● **Prompt**
After locating the line that holds "Austral D Rosario", transcribe it and each following line to the end of the records, changing nothing and adding nothing.
^^^^^^^^^^^^^^^^
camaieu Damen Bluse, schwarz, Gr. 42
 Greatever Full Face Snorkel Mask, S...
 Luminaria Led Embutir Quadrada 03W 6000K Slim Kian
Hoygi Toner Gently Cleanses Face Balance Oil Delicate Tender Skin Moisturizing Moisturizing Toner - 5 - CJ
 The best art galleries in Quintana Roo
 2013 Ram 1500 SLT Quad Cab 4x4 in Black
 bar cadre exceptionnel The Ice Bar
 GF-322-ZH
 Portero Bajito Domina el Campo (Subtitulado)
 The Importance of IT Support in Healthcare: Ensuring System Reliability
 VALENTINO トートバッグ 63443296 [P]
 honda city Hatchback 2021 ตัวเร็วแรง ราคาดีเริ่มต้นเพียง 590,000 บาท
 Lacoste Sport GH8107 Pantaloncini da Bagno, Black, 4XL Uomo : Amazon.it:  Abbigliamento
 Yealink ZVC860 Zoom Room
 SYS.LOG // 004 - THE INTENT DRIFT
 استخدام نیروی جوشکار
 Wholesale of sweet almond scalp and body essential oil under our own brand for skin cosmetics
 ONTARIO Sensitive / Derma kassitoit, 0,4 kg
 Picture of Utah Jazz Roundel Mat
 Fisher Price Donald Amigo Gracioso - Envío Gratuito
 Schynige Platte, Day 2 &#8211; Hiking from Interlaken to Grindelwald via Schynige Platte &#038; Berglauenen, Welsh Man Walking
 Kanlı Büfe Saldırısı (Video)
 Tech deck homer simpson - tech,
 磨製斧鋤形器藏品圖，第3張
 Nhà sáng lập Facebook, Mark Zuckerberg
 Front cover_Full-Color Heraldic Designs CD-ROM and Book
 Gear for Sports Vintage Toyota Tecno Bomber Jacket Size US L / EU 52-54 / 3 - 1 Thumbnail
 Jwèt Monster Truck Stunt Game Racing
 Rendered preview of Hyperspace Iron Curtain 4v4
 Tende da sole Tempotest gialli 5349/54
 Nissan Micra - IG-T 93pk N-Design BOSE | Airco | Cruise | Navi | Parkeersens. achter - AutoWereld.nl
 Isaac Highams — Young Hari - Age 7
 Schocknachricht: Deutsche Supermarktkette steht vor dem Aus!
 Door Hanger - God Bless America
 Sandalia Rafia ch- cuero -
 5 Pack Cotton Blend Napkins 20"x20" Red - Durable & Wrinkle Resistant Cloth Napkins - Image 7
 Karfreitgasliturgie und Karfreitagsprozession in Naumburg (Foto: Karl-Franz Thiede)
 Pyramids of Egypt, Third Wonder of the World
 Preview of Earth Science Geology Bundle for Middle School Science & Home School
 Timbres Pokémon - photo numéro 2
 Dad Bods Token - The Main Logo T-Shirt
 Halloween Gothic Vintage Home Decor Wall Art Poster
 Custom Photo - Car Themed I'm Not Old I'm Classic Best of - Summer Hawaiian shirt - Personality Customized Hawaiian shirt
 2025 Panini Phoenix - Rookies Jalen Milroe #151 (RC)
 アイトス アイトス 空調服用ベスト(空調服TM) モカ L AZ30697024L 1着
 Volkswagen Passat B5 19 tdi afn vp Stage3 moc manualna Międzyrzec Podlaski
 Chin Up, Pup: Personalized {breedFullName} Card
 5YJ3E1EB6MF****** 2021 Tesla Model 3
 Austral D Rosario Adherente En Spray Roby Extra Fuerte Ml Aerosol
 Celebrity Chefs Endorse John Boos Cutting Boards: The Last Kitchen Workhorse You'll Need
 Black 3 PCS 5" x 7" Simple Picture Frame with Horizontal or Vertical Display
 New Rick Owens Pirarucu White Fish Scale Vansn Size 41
^^^^^^^^^^^^^^^^
● **Task solution**
 Austral D Rosario Adherente En Spray Roby Extra Fuerte Ml Aerosol
 Celebrity Chefs Endorse John Boos Cutting Boards: The Last Kitchen Workhorse You'll Need
 Black 3 PCS 5" x 7" Simple Picture Frame with Horizontal or Vertical Display
 New Rick Owens Pirarucu White Fish Scale Vansn Size 41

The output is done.